ヒゲの光脱毛は永久脱毛ではありません|エステの公式は「制毛・抑毛」、家庭用は「3日に1回・6か月で目立ちにくく」です

エステサロンの光脱毛と、家庭用の光美容器。どちらもヒゲに使えますが、公式が約束しているのは「制毛・抑毛」と「目立ちにくく」までです。「毛が生えてこなくなる」とはどこにも書かれていません。両方の公式表記を並べて、何が違うのかを整理します。
ヒゲを光でどうにかしたいと考えたとき、選択肢はエステサロン、家庭用の光美容器、医療脱毛の3つです。値段だけを並べると光のほうが安く見えますが、同じ結果を買っているわけではありません。
※ 効果や痛みの感じ方には個人差があります。料金・施術内容・リスクの詳細は、必ず各社の公式サイトとカウンセリングでご確認ください。

ヒゲの光脱毛は、どこまで効きますか

エステサロンの光脱毛でヒゲに得られるのは「制毛・抑毛」で、毛根そのものは壊れません。医療脱毛専門のリゼクリニックは公式サイトで、次のように説明しています。
エステサロンで行う光脱毛は、IPL脱毛や美容脱毛などとも呼ばれており、光線はパワーが弱いため毛根を破壊することができません。
光線によって軽くダメージを受けた状態のため、一時的に毛が生えなくなったり、毛が生えるのが遅くなるといった効果(制毛・抑毛)を得ることはできますが、しばらくするとまた必ず生えてきます。
※ リゼクリニック公式「永久脱毛の定義とは」より引用(2026年9月8日確認)。
これは効果がゼロという話ではありません。

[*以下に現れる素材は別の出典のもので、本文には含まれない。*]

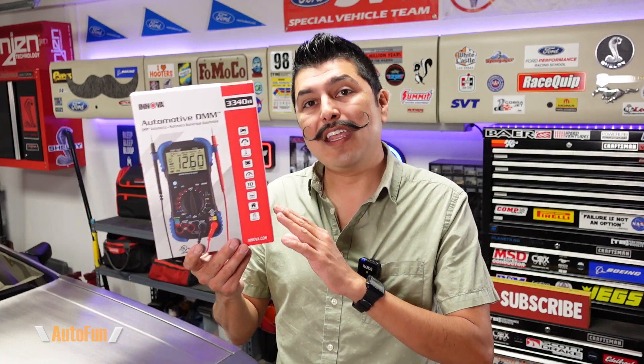In this video, we're going to be taking a look at the Innova 3340A digital multimeter. While this digital multimeter can potentially be used around the house, it has been specifically designed for automotive use. So not only do we get advanced multimeter features, we get features specific for helping car technicians and car mechanics, such as the ability to read RPMs of vehicles, temperature, hertz, duty cycle, and more.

通っている間は生えるのが遅くなります。ただしやめれば戻るという前提で費用を計算する必要があります。

なぜエステの光では毛が生えなくなりませんか

毛根(毛乳頭)を壊すことが医療行為に当たるため、医療機関以外では行えないからです。
本来は毛根(毛乳頭)を破壊することは医療行為です。
※ 同上(2026年9月8日確認)。
出力を上げれば壊せる、という話ではありません。壊せる出力を出すこと自体が、医療機関に限られています。だからエステサロンの機器は、はじめから毛根を壊さない範囲で設計されています。
言葉の使い分けを見れば、どちらなのか分かります
  • エステ側 … 「制毛」「抑毛」「美容脱毛」「目立ちにくく」
  • 医療側 … 「永久脱毛」「発毛組織を破壊」
公式サイトが「永久脱毛」と書いていない相手に、永久脱毛を期待しないでください。書かないのは、書けないからです。

「永久脱毛」とは、そもそも何をもって言うのですか

永久脱毛は「二度と生えない」という意味ではありません。定義は海外の機関のものが使われています。
出どころ定義
FDA(アメリカ食品医薬品局)一定の脱毛施術を行った後に再発毛する本数が、長期間において減少し、その状態が長期間にわたって維持されること
AEA(米国電気脱毛協会)最終脱毛をしてから1ヶ月後の毛の再生率が20%以下であれば永久脱毛と認める
※ リゼクリニック公式「永久脱毛の定義とは」に記載された定義(2026年9月8日確認)。
つまり医療脱毛でも「減った状態が続く」までです。光脱毛はこの水準に届かない、という差です。定義そのものはこちらで詳しく整理しています。

家庭用の光美容器はヒゲに使えますか

使えます。ただし「首」には当てられません。パナソニックの光美容器 ES-WP9A は、公式の仕様表で使用できる部位を次のように定めています。
公式の記載
使用できる部位脚、腕、ワキ、手、胸、お腹、Vゾーン、Iゾーン、Oゾーン、顔(ヒゲ含む)
使える毛色黒・茶・暗い金色
使用しない部位目の周り、眉周り、耳、唇、、頭 ほか
※ パナソニック公式のES-WP9A仕様ページより(2026年9月8日確認)。使用しない部位はほかにも定められています。必ず取扱説明書の全文をご確認ください。
首のヒゲが濃い人には、家庭用では手が出せない場所が残ります。首をどうするかは、クリニックでも3部位に含まれないことが多い論点です。

公式が示している効果は「ジョリジョリ感の低減」です

同社の ES-WP9B の商品ページには、ヒゲについてこう書かれています。
スムースエピを使用することでヒゲ特有のジョリジョリ感の低減を実感。さらに目立ちにくく。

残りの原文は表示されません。